Vulnerability Comparison
Network requests
Blocked (Python-level)
Blocked (OS-level --network=none)
Host filesystem access
Blocked (WASM virtual FS)
Blocked (--read-only, no mounts)
Process execution
Blocked (functions replaced)
Runs inside isolated container
os.environ secrets
Cleared
Cleared + container has own env
ctypes C function calls
Not blocked (needed by pandas, harmless in WASM)
Runs inside isolated container
Python introspection bypass
Possible (known limitation)
Irrelevant — container is isolated
Memory/CPU exhaustion
Timeout only
--memory / --cpus / --pids-limit + timeout + container destroyed
Pyodide mode is suitable when users are trusted or semi-trusted. It blocks common attack vectors but is vulnerable to sophisticated Python introspection attacks.

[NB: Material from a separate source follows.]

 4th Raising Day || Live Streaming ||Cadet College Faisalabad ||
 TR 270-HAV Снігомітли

Docker mode is suitable for untrusted code. OS-level isolation makes Python-level bypasses irrelevant — the container has no network, no host access, and is destroyed after execution.

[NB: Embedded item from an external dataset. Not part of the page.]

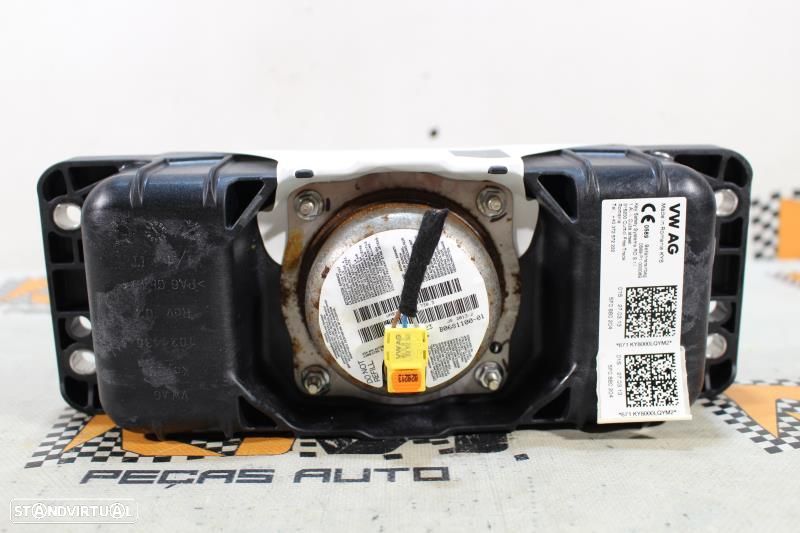 Airbag De Passageiro Seat Leon (5F1)  5F0880204 / 5F0 880 204 - 4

7. Configuration Reference
PYTHON_SANDBOX_MODE
pyodide
No (defaults to pyodide if unset)
Execution mode: pyodide or docker
PYTHON_SANDBOX_TIMEOUT_MS
120000
Yes
Execution timeout in milliseconds (both modes). Provided by all configs/.env.*.guardian.system templates; the policy-service has no in-code fallback, so the variable must be present or block execution will fail immediately.
PYTHON_SANDBOX_IMAGE
guardian/python-sandbox:latest
No (Docker mode only)
Docker sandbox image name
PYTHON_SANDBOX_MEMORY
512m
No (Docker mode only)
Container memory limit (passed to docker run --memory and --memory-swap). Accepts the same suffix forms as Docker (b, k, m, g).
PYTHON_SANDBOX_CPUS
1.0
No (Docker mode only)
Container CPU quota (passed to docker run --cpus).
PYTHON_SANDBOX_PIDS
128
No (Docker mode only)
Container PID limit (passed to docker run --pids-limit).
DRY_RUN_BLOCK_TIMEOUT_MS
180000
Yes
Overall timeout for the Policy Editor "Test" dialog (dry-run block execution). Provided by all env templates; no in-code fallback. Must be larger than PYTHON_SANDBOX_TIMEOUT_MS to leave room for Pyodide cold start.
Last updated
Was this helpful?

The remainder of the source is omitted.